The film largely focuses on climate change impacts in America including sea level rise, which could range from 3-20 feet in low lying states like Florida and Delaware, and the impacts of wild fires and large-scale displacements, such as the 300,000 residents of Puerto Rico who were forced to abandon their homes and relocate to Florida. The movie also highlighted a diversity of actors with wide ranging positions on climate change in the United States: President Trump, city officials of Pittsburg, Florida, California, and others.
Paris to Pittsburgh also underscored a wide range of activists undertaking various levels of action to address the challenge of climate change. This ranged from Casa Pueblo, a local community group distributing solar PV solutions in Puerto Rico, to Grid Alternatives, a nonprofit in California which has trained more than 30,000 people on solar PV technologies and installed thousands of solar PV systems on homes in that state. Other important actors highlighted included governors, scientists, academics, state officials, and federal agents.
The overall message was that while federal level action on climate change has significantly declined during the Trump Administration, a variety of individuals and organizations are providing momentum for climate change action that could possibly enable the U.S. to still meet its Paris Climate Agreement commitments.

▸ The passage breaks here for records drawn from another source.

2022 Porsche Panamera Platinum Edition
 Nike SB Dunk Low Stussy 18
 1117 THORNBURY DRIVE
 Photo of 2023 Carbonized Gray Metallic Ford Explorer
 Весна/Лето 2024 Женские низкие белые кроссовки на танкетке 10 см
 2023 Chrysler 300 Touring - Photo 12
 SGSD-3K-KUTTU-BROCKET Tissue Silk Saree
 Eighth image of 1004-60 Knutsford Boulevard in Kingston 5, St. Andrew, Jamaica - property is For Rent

A panel of UD professors discussed the film, including two from the Biden School: Jeremy Firestone, Andrea Sarzynski, and Ismat Shah. The trio engaged the audience in a wide variety of key issues arising from the film, including the importance of building climate resilience among American communities. Climate resilience is an aggregate concept that includes climate mitigation and adaptation.
The attendees were also challenged to not only wait for big grand solutions, but also to practice agency by undertaking some personal actions. For example, using more public transport (such as the UD Shuttle service), biking to and from work wherever possible, installing energy efficiency solutions at home, and practicing energy saving behaviors. These practices would not only reduce green house gas emissions that cause climate change, but also improve personal and community health and offer financial savings.
Another important issue arising from the discussions was that how has the University of Delaware contributed to meeting the Delaware State mandate that requires the state to derive 25% of its energy demand from renewable sources by 2025. There were various related matters raised including the fact that the University has not made significant effort to seek and utilize renewable energy sources. Earlier efforts faced a set of legal barriers and failed to take off. It was suggested that this could be an issue which the student and faculty community at UD could continue to explore and collaborate with partners through additional projects to expand the only renewable energy pilot, the utility-scale 2-megawatt (2-MW) wind turbine project located at the UD Hugh R. Sharp Campus in Lewes.
Power generated from the Lewes Campus wind project together with the associated Renewable Energy Credits (RECs) are purchased by Delaware Municipal Electric Corporation (DEMEC). The proceeds support wind and renewable energy graduate student research fellowships in the College of Earth, Ocean, and Environment (CEOE). The participants highlighted that more could be done through installation of solar PV on old and new buildings as well as promoting energy efficiency actions across campus.